- _WHAT TO WORK ON_: Leave the pictures out and print every record below exactly as it stands.

- _DATA LISTING_:

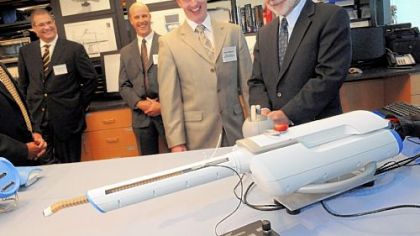 Federal Reserve chairman Ben Bernanke, right, checks out a snaking robot camera made by Cardiorobotics Inc. that's used in minimally invasive surgical procedures. Looking on in South Oakland are three company executives, from left to right, CEO Samuel Straface, vice president Kevin Gilmartin and director of clinical application Richard Kuenzler.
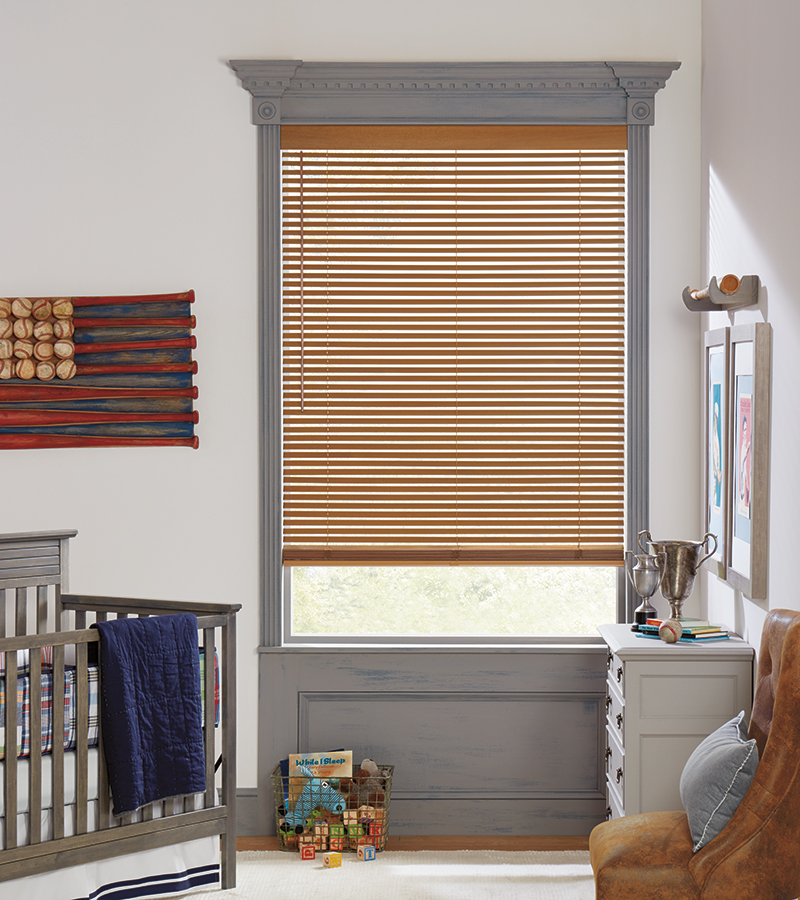 Classic Parkland wood blinds in a Bozeman nursery offer timeless style and adjustable light control for a peaceful, child-friendly space.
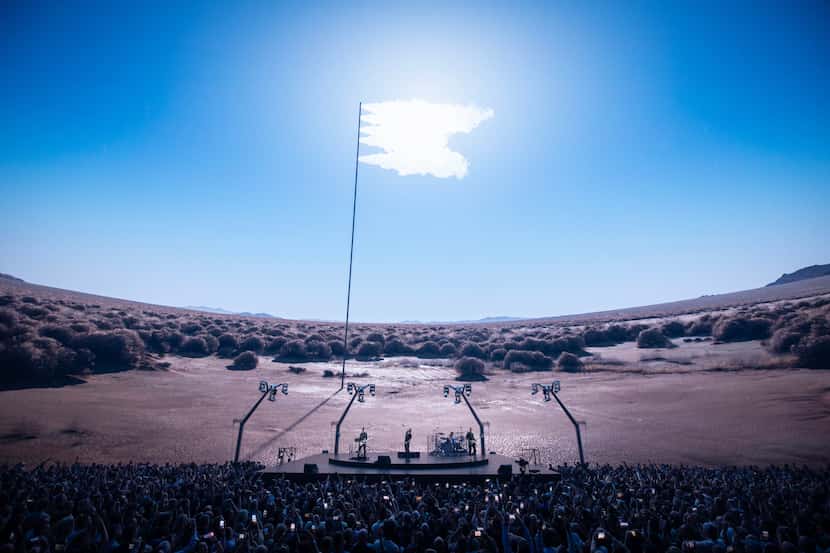 Concertgoers and the rock band U2 are transported to a hyper-realistic desert landscape.
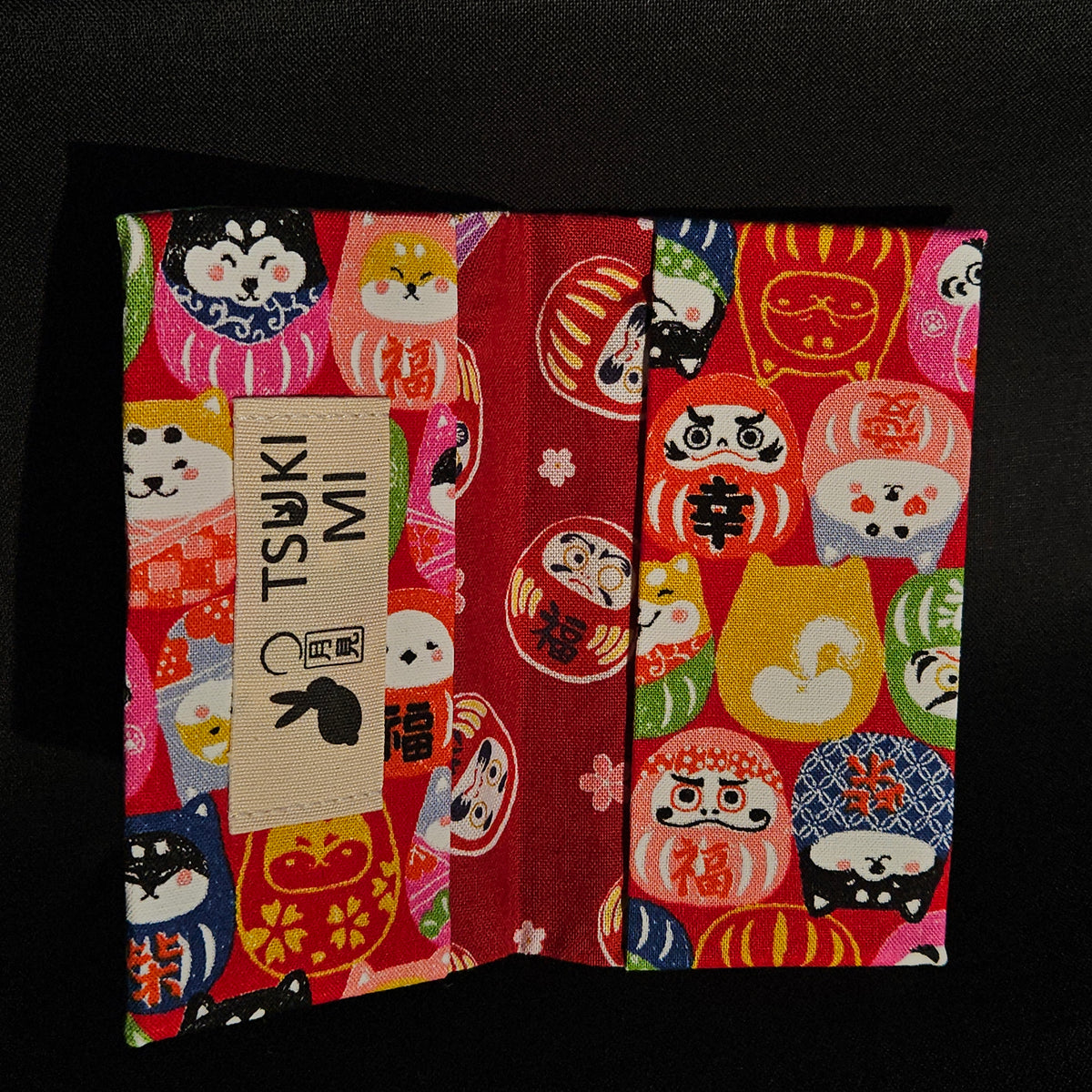 Porte-cartes Tsukimi ouvert : extérieur darumas et shiba sur fond rouge, intérieur rouge foncé à darumas et fleurs de cerisier
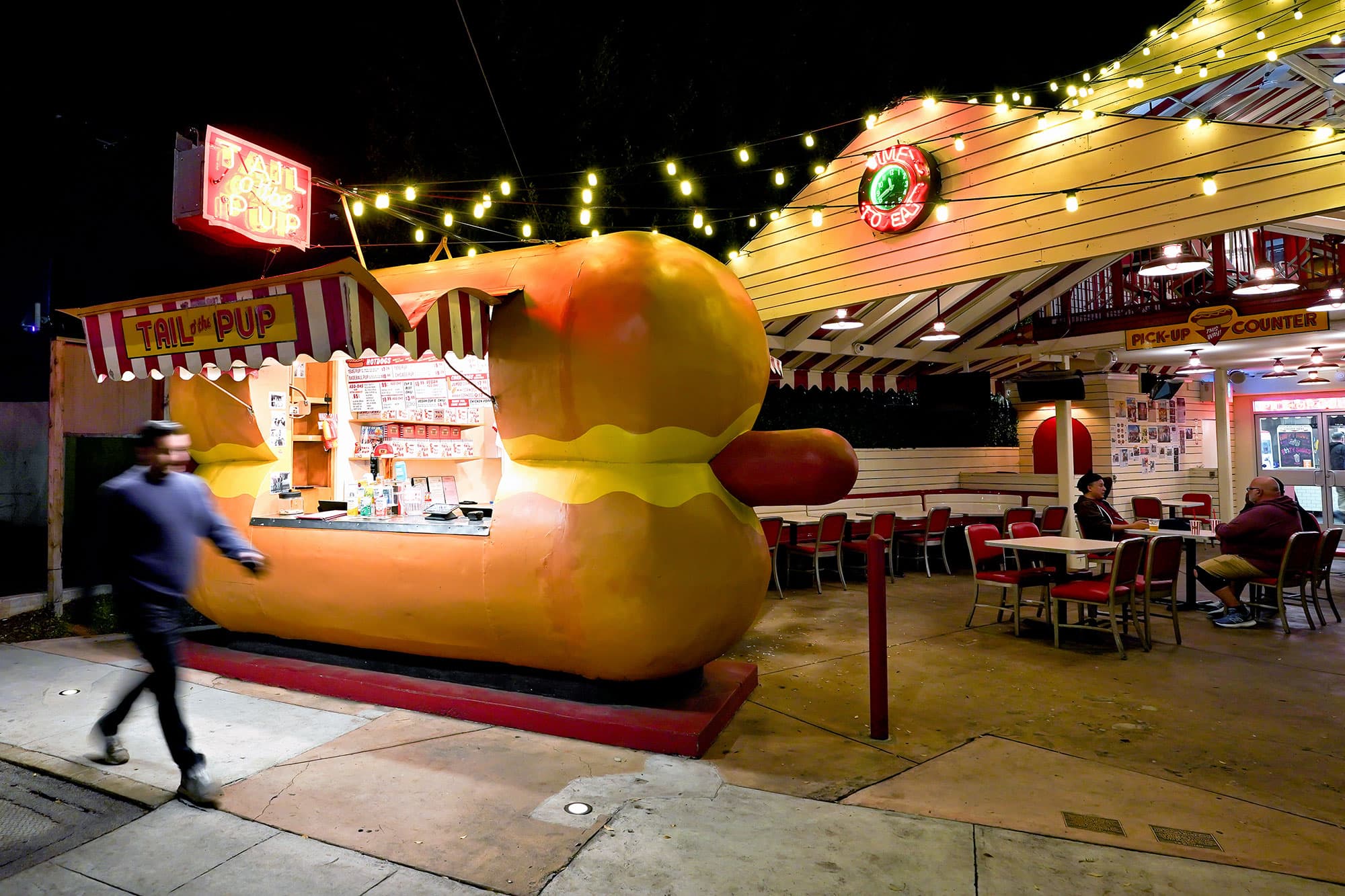 A man walks by the Tail O' the Pup hot dog stand in West Hollywood at night
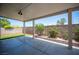 Covered patio with desert landscaping, greenery, and brick trim in the backyard at 7500 Peaceful Brook St, Las Vegas, NV 89131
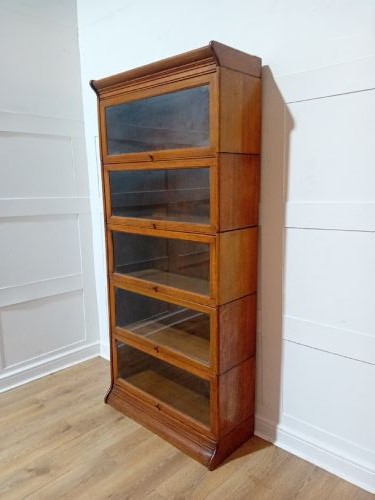 An Edwardian golden oak five-tier sectional barrister bookcase featuring glazed lifting doors with brass handles and a moulded top cornice. View II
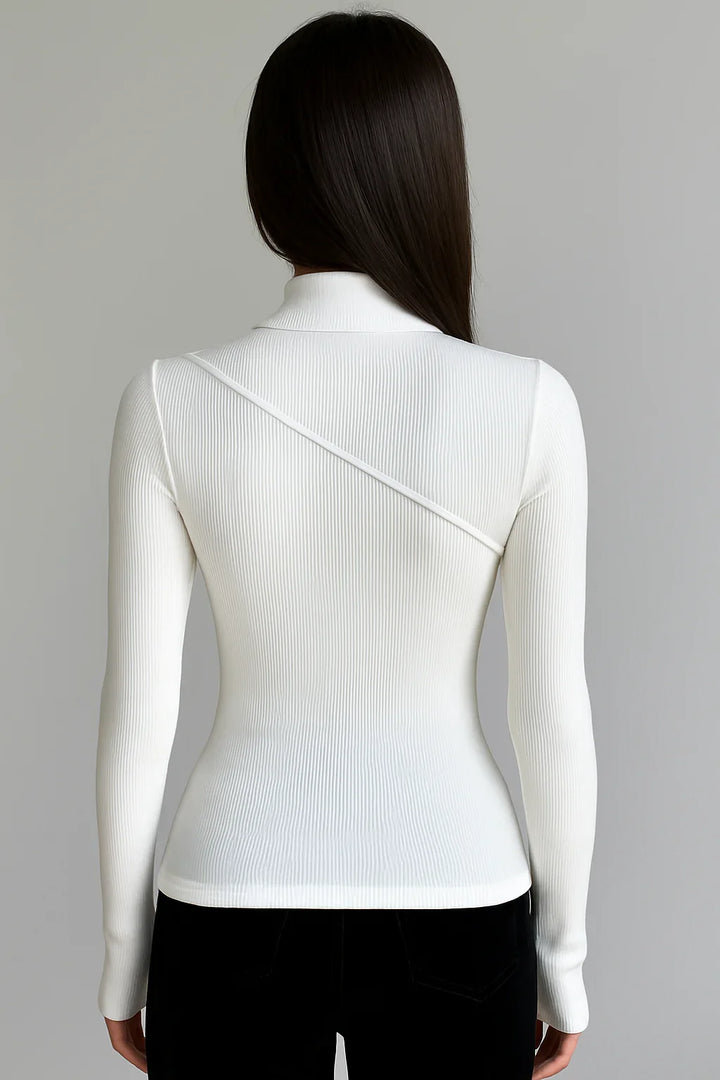 Haut femme blanche col montant, manches longues et tissu extensible pour un confort et une liberté de mouvement.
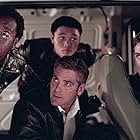 George Clooney, Don Cheadle, Casey Affleck, and Shaobo Qin in Ocean's Eleven (2001)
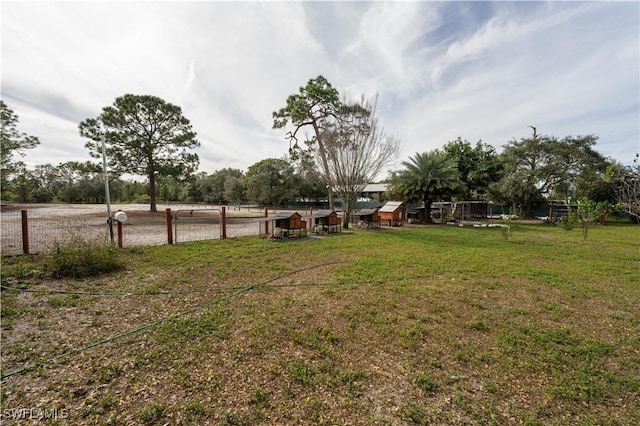 view of yard with a rural view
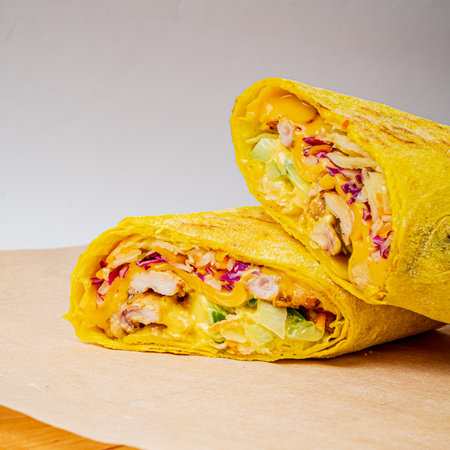 Two colorful chicken and veggie wraps with cheese lie on a wooden surface, tempting you.の写真素材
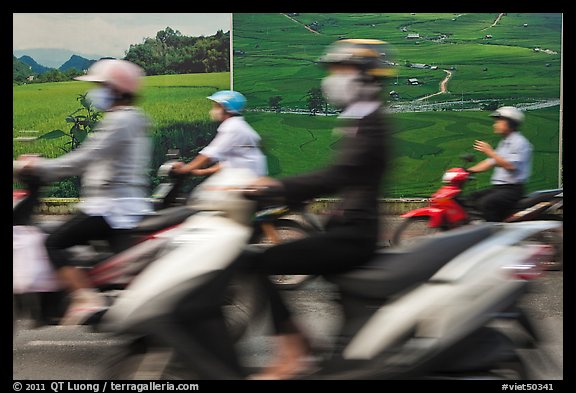 Motorbike riders speeding in front of backdrops depicting traditional landscapes. Ho Chi Minh City, Vietnam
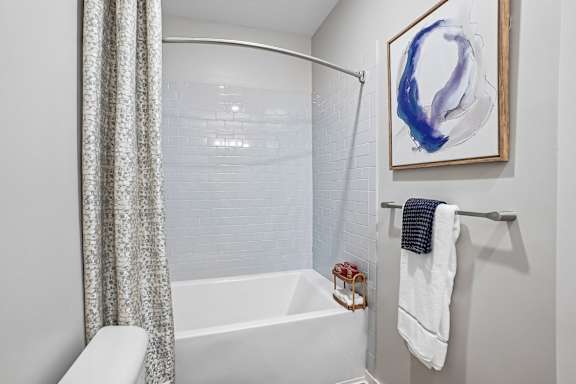A white bathroom with a blue and white painting hanging on the wall.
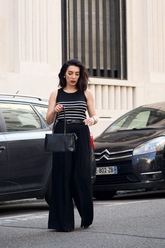 a lady in a black striped tank top and a pair of black wide leg pants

- _FINISHED TASK_:
 Federal Reserve chairman Ben Bernanke, right, checks out a snaking robot camera made by Cardiorobotics Inc. that's used in minimally invasive surgical procedures. Looking on in South Oakland are three company executives, from left to right, CEO Samuel Straface, vice president Kevin Gilmartin and director of clinical application Richard Kuenzler.
 Classic Parkland wood blinds in a Bozeman nursery offer timeless style and adjustable light control for a peaceful, child-friendly space.
 Concertgoers and the rock band U2 are transported to a hyper-realistic desert landscape.
 Porte-cartes Tsukimi ouvert : extérieur darumas et shiba sur fond rouge, intérieur rouge foncé à darumas et fleurs de cerisier
 A man walks by the Tail O' the Pup hot dog stand in West Hollywood at night
 Covered patio with desert landscaping, greenery, and brick trim in the backyard at 7500 Peaceful Brook St, Las Vegas, NV 89131
 An Edwardian golden oak five-tier sectional barrister bookcase featuring glazed lifting doors with brass handles and a moulded top cornice. View II
 Haut femme blanche col montant, manches longues et tissu extensible pour un confort et une liberté de mouvement.
 George Clooney, Don Cheadle, Casey Affleck, and Shaobo Qin in Ocean's Eleven (2001)
 view of yard with a rural view
 Two colorful chicken and veggie wraps with cheese lie on a wooden surface, tempting you.の写真素材
 Motorbike riders speeding in front of backdrops depicting traditional landscapes. Ho Chi Minh City, Vietnam
A white bathroom with a blue and white painting hanging on the wall.
 a lady in a black striped tank top and a pair of black wide leg pants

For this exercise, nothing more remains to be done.